"Não fui comprado". É
assim que Jorge Casimiro Congo reage às críticas à sua entrada no Governo de
Cabinda. A decisão deixou de boca aberta muitos dos seus companheiros da luta
pela independência do enclave angolano.
Jorge Casimiro Congo era
provavelmente o rosto mais visível da contestação ao partido no poder, o
Movimento Popular de Libertação de Angola (MPLA), no enclave de Cabinda. Esteve
sempre na "linha da frente" dos independentistas que se consideram
colonizados por Luanda e, por isso, reivindicam há mais de duas décadas a
autonomia daquele território, rico em petróleo e madeira.
A entrada do padre no Governo de
Cabinda, como secretário provincial da Educação, Ciência e Tecnologia, tem
gerado muitas críticas: Será uma nova forma de luta ou a submissão dos seus
ideais a uma "oferta milionária"?
Em entrevista à DW África,
Casimiro Congo assegura que aceitou o convite, porque a governação do
Presidente João Lourenço lhe inspira confiança.
"Eu fui sempre de opinião
que Cabinda não podia fazer a sua luta de forma isolada e que era preciso
encontrar uma saída em cada momento", afirma. "Quando, em 2008, pedi
ao povo de Cabinda para participar em eleições angolanas, fui torturado e
acusado de tudo. Fizeram até panfletos contra mim. Mas, depois disso, as
pessoas começaram a entender o que eu defendia. Foi isto que levou Raúl Danda a
concorrer pela lista da União Nacional para a Independência Total de Angola
(UNITA) e, mais tarde, o padre Raul Taty e tantos outros, que têm hoje assento
no Parlamento."
Acusações de traição
Mas com a entrada no aparelho
governativo, o padre Congo "trai" os ideais de Cabinda, afirmam
antigos "companheiros de trincheira" como o advogado e ativista
cabindês Arão Bula Tempo.
"Qual é a honra e a
dignidade de quem lutou todos os dias, de quem foi um dos mentores desta luta,
e hoje aceita uma função de secretário provincial da Educação?", questiona
o ex-presidente do conselho provincial da Ordem dos Advogados de Angola (OAA),
que chegou a ser detido e acusado de crimes contra a segurança de Estado, em
2015.
"Lamentavelmente, hoje os
quadros de Cabinda interessam-se mais pelas funções do que pela própria causa
que assola o território de Cabinda, que empobrece o povo de Cabinda, que
continua a assistir a perseguições e à própria degradação social",
acrescenta Arão Bula Tempo.
"Só a História me poderá
julgar"
Jorge Casimiro Congo diz, no
entanto, que está preparado para ouvir todas as críticas dos inteletuais de
Cabinda. O antigo pároco da Igreja Católica em Cabinda, expulso por Dom
Filomeno Vieira Dias, então bispo da diocese, refere que já liderou
conversações entre a sociedade civil cabindesa e os dois principais partidos na
oposição, UNITA e Convergência Ampla de Salvação de Angola - Coligação
Eleitoral (CASA-CE), e desta vez, decidiu sentar-se à mesma mesa com o MPLA
para tentar melhorar a situação política, económica e social no enclave.

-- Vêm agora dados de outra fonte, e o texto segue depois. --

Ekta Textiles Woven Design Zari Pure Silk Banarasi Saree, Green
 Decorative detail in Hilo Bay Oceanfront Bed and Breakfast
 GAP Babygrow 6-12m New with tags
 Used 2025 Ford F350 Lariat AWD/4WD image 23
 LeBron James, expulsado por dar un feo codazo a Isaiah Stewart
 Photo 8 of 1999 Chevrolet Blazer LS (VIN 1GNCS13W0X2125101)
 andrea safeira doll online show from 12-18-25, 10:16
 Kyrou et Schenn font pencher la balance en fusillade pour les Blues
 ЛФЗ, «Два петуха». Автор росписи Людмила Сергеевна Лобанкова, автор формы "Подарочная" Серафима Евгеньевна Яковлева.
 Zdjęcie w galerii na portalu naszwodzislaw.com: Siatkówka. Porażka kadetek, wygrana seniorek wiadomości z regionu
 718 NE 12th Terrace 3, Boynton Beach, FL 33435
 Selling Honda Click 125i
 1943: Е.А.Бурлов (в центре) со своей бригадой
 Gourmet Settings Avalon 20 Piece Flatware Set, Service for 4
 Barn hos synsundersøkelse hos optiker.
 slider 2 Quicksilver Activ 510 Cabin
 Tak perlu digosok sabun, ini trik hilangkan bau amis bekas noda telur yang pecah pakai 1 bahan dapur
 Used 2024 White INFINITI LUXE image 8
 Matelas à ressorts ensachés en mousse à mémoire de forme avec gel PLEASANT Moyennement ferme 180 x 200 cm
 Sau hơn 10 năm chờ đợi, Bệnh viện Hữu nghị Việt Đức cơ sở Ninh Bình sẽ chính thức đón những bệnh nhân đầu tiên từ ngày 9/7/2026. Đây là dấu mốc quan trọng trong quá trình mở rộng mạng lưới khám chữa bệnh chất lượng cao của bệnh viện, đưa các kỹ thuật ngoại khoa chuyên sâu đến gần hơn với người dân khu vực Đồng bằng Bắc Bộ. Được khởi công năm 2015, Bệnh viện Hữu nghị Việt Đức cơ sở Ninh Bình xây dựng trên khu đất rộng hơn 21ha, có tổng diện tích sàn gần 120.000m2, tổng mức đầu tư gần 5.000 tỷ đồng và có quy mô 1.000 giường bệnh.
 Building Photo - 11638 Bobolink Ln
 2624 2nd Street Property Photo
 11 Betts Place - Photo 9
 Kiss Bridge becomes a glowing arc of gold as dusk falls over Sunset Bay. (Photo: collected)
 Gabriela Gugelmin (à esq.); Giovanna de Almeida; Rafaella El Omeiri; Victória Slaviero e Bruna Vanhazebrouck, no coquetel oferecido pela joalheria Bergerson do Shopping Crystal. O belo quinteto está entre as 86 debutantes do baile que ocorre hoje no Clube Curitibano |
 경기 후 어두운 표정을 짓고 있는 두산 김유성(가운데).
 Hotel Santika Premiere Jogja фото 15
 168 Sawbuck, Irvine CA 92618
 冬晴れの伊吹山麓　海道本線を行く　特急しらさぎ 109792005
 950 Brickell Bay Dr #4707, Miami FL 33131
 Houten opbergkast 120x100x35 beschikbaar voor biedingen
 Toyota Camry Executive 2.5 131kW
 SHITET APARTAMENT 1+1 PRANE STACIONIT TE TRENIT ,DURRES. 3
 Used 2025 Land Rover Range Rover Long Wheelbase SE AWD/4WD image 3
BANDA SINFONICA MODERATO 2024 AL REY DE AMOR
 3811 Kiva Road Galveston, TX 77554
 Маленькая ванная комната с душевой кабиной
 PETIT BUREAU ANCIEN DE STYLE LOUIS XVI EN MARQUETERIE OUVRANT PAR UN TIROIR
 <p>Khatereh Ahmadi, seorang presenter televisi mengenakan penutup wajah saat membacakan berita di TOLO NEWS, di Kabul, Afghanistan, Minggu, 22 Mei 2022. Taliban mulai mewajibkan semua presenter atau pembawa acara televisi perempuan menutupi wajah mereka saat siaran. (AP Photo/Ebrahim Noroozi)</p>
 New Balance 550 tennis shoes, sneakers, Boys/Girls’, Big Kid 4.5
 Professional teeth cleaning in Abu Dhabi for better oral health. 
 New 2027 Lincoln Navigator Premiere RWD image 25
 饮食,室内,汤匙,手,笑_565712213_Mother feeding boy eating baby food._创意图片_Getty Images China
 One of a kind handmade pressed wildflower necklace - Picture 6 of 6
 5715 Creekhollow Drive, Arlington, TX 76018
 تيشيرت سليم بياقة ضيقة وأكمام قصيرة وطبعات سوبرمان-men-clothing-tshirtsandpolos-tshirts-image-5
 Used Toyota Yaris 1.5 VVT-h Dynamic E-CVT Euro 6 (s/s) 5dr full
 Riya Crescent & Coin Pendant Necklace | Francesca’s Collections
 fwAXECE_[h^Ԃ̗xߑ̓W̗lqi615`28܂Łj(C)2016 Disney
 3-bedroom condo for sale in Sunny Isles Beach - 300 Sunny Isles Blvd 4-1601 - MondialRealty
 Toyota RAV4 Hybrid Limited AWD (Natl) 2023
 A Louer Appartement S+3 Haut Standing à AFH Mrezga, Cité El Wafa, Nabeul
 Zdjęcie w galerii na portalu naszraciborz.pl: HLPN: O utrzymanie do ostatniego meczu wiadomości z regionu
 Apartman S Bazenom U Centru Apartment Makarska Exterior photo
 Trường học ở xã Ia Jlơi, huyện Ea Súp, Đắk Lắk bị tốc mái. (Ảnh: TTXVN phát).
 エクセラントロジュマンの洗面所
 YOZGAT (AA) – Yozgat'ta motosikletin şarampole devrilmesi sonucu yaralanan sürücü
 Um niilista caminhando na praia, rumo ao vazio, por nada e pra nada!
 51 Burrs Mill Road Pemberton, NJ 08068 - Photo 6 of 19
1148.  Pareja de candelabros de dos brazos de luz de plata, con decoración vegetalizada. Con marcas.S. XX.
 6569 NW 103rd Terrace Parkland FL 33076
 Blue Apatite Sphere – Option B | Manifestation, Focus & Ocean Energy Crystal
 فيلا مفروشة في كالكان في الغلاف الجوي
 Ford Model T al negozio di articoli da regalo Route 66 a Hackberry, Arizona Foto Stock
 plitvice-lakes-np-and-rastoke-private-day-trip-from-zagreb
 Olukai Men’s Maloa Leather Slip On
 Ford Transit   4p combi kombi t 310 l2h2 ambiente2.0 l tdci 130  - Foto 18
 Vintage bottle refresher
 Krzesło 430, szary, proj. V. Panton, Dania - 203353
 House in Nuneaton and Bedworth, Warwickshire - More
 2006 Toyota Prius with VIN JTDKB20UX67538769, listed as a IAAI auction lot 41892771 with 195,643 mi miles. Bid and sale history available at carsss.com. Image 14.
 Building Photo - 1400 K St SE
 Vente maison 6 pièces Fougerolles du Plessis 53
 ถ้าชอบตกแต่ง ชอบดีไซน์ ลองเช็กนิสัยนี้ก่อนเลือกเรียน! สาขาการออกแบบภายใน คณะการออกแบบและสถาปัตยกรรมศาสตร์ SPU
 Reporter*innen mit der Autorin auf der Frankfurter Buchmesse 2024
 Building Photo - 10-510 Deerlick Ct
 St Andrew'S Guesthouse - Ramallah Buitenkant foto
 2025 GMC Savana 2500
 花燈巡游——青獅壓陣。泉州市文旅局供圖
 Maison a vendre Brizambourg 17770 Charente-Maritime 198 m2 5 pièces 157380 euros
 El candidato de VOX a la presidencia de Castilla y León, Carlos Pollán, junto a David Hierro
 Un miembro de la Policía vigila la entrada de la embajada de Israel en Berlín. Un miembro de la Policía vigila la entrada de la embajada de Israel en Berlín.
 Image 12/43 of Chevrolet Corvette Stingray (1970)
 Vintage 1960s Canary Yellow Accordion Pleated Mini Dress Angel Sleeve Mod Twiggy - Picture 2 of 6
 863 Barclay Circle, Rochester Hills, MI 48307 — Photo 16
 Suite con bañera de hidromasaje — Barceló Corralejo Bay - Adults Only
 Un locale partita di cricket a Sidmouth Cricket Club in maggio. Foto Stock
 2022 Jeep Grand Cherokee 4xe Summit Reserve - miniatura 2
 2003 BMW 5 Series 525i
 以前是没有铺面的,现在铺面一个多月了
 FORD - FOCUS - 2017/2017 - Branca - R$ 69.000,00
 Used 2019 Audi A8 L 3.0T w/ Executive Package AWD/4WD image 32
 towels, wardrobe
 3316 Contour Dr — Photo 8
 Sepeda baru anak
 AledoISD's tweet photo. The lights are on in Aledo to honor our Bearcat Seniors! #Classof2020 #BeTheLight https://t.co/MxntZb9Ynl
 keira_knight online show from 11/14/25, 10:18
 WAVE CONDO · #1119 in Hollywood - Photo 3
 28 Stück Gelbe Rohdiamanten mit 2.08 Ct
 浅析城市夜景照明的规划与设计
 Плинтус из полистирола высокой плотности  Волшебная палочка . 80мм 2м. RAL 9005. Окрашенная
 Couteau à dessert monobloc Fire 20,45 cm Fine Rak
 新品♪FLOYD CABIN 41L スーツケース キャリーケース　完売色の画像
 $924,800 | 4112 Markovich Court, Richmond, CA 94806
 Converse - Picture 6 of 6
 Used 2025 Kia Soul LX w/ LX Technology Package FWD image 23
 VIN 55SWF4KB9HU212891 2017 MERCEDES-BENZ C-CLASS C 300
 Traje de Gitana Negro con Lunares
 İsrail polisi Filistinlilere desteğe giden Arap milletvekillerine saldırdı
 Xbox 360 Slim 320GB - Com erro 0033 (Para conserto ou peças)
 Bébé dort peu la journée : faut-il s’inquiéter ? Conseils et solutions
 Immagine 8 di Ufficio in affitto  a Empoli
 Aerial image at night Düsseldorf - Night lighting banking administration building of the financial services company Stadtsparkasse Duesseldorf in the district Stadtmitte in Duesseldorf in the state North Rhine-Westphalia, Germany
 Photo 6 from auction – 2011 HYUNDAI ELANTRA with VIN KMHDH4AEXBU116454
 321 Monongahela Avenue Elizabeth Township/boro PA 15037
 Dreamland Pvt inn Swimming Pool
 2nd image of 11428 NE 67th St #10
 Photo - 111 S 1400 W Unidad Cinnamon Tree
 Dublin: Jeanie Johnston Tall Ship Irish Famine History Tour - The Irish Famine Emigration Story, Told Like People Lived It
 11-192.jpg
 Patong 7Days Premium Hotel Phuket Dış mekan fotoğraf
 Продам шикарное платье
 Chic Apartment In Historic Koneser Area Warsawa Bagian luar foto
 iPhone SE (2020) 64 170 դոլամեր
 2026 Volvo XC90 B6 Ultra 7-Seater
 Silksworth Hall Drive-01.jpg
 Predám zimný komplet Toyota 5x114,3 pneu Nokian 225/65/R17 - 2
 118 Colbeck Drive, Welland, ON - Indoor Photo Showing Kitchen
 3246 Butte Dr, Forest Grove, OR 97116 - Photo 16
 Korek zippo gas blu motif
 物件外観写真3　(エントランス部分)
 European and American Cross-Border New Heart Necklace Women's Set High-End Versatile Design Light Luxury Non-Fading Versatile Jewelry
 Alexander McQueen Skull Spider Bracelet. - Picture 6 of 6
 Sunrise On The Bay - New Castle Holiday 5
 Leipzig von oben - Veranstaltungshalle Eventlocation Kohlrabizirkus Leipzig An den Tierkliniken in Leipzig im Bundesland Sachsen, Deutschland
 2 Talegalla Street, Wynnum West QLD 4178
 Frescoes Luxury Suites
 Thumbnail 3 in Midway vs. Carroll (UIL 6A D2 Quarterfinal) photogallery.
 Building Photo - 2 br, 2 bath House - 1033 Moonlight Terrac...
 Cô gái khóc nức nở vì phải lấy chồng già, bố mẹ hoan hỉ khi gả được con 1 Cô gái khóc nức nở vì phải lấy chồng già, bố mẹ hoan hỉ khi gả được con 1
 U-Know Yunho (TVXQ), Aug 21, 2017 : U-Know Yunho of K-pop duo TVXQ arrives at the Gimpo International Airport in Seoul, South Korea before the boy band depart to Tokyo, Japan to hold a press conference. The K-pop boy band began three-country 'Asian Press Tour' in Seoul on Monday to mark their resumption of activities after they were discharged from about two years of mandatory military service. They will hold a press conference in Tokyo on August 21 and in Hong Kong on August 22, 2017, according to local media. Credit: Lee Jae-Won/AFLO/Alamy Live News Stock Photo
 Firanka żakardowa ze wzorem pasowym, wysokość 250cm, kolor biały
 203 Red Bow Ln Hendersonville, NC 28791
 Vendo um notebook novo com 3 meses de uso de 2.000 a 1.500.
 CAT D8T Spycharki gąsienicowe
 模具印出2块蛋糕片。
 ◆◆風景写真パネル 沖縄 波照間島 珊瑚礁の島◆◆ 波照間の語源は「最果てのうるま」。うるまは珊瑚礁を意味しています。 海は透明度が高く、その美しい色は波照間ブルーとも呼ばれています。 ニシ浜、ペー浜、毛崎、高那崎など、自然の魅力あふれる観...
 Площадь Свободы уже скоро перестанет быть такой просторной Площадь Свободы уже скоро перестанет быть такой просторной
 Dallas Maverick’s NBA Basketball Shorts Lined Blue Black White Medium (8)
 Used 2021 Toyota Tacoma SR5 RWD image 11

"Para mim, é preciso sempre
encontrar novas maneiras de abordar a questão de Cabinda e creio que posso
discutir com o Presidente João Lourenço", diz Casimiro Congo. "Penso
que este é o momento de dar a minha contribuição, sobretudo na educação, que se
encontra num estado de degradação terrível."
A nomeação do padre Congo pelo
governador de Cabinda, o general Eugénio César Laborinho, foi discutida no
"Kremlin", como também é conhecida a sede do MPLA em Luanda, através
de contactos e reuniões ao mais alto nível entre o ativista cabindês e o
secretário para as Relações Exteriores do partido, Julião Paulo "Dino
Matross", e o secretário-geral, António Paulo Kassoma.
Jorge Casimiro Congo garante que
a sua entrada no Governo de Cabinda não dilui as suas convicções: "Não
recebi dinheiro nenhum. Só a História me poderá julgar. É possível melhorar as
condições de Cabinda a partir de dentro. Se eu falhar, não me vou frustrar, o
importante é que tentei. Agora, já não tenho idade para estar sozinho, a gritar
- não posso estar permanentemente a assumir um povo que não se quer libertar."